(Beginning of SUPPLIED ENTRIES)
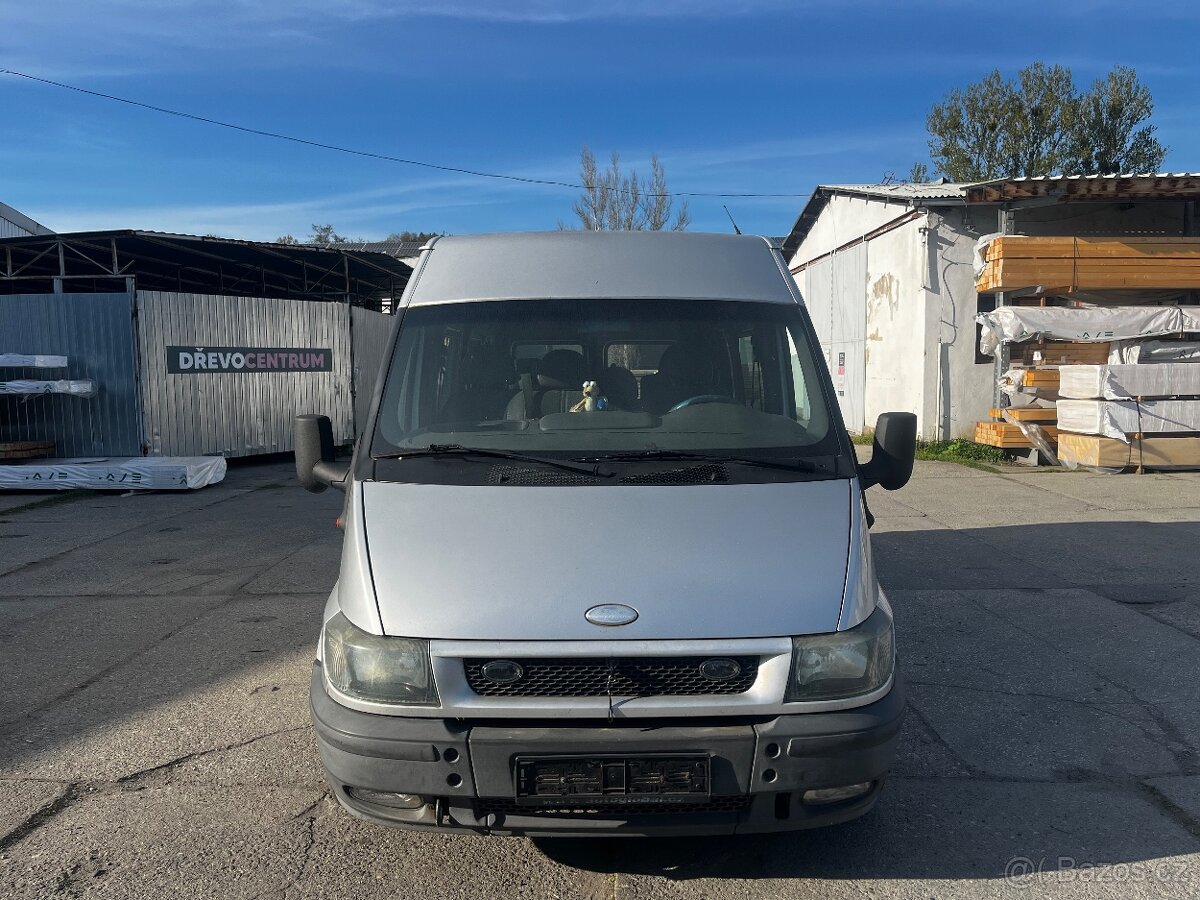 Ford Transit Mk6 9míst - 8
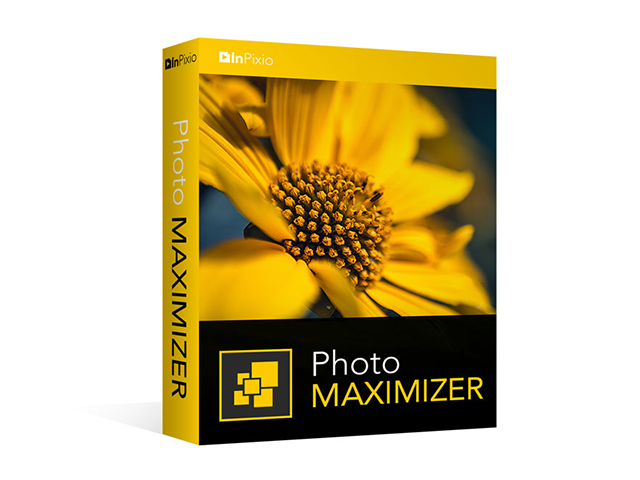 InPixio Photo Maximizer Pro 5.3.8621.22315 + Repack + Portable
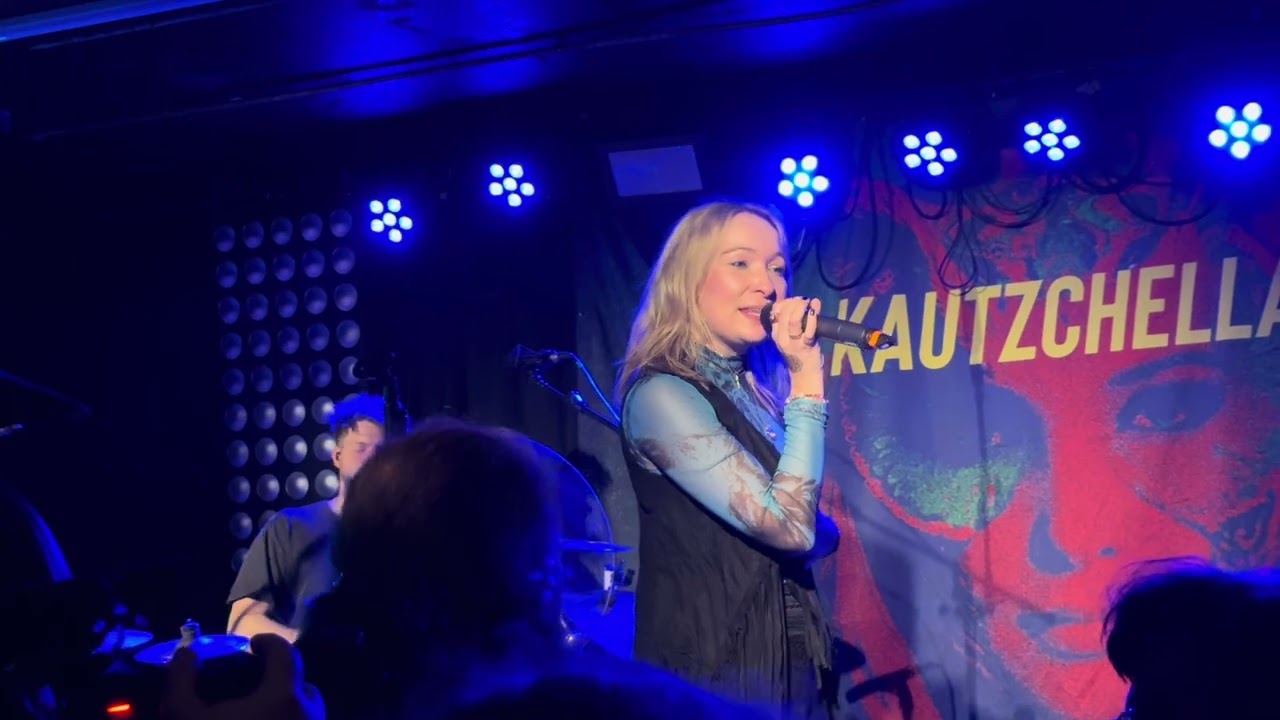 Julia Kautz Konzert in Frankfurt/Main Nachtleben am 19.01.2026 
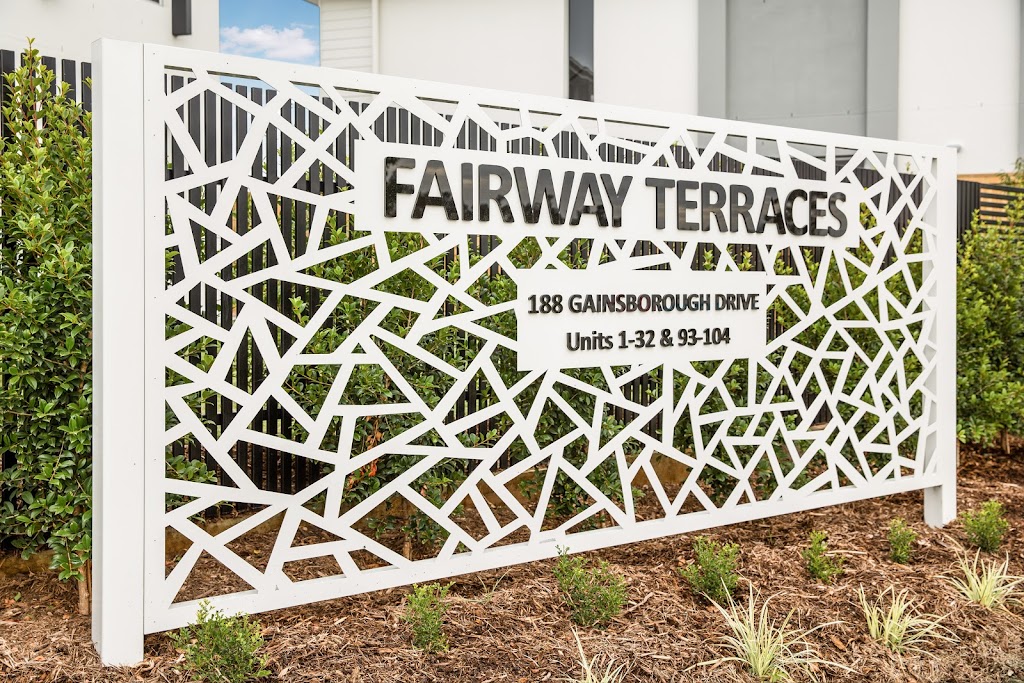 Fairway Terraces - Raine & Horne Onsite Sales | Unit 1/188 Gainsborough Dr, Pimpama QLD 4209, Australia | Phone: 0409 808 428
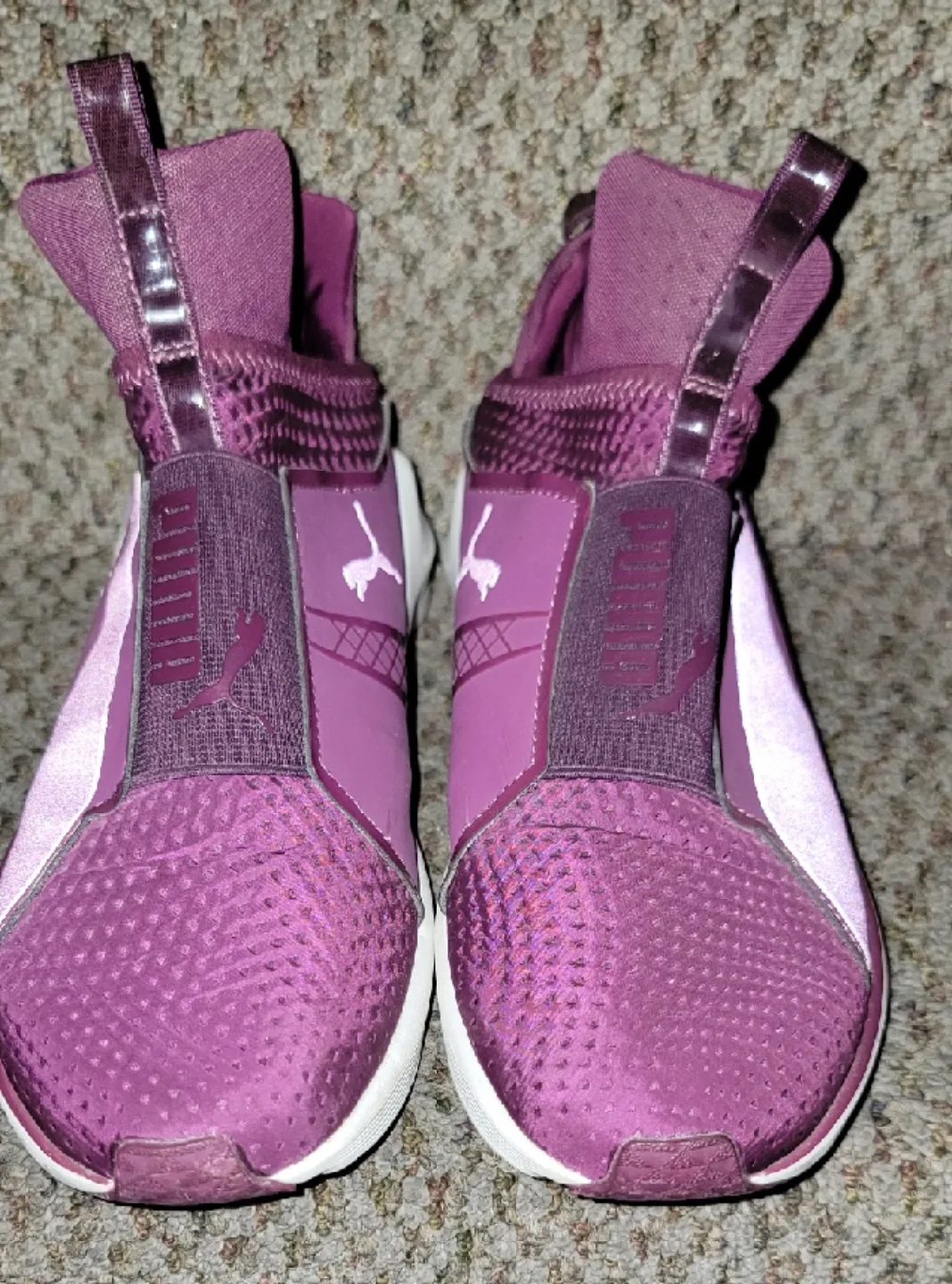 Puma Fierce Women's Training Shoes - Size 7 thumbnail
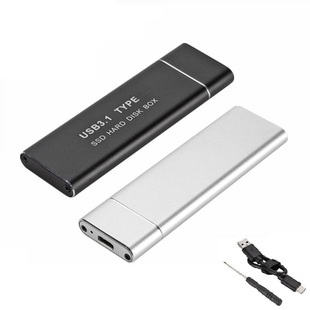 Type C USB3.1�DM.2 NGFF�̑BӲ�P��M.2 SSD TO USB�ƄӺ� �X�Ͻ�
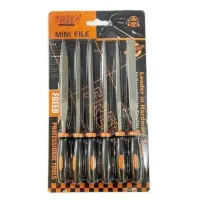 سوهان 6 عددی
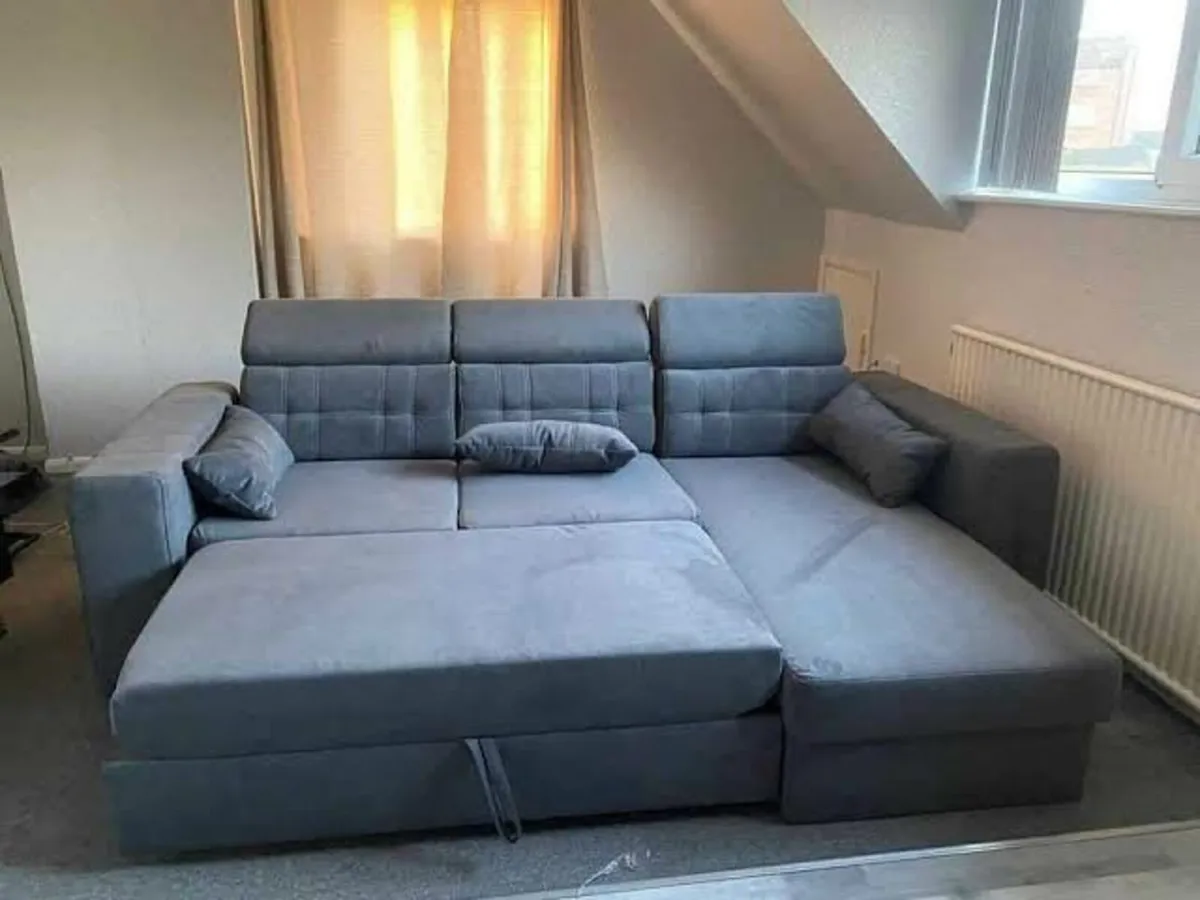 " Lukaa Sofabed For IRISH Homes" - Image 1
(End of SUPPLIED ENTRIES)
## INSTRUCTIONS TO FOLLOW
Extract exactly the lines from the one containing "Fairway Terraces - Raine" through the last line of the records above, both included, and leave out the pictures.

## EXPECTED ANSWER
 Fairway Terraces - Raine & Horne Onsite Sales | Unit 1/188 Gainsborough Dr, Pimpama QLD 4209, Australia | Phone: 0409 808 428
 Puma Fierce Women's Training Shoes - Size 7 thumbnail
 Type C USB3.1�DM.2 NGFF�̑BӲ�P��M.2 SSD TO USB�ƄӺ� �X�Ͻ�
 سوهان 6 عددی
 " Lukaa Sofabed For IRISH Homes" - Image 1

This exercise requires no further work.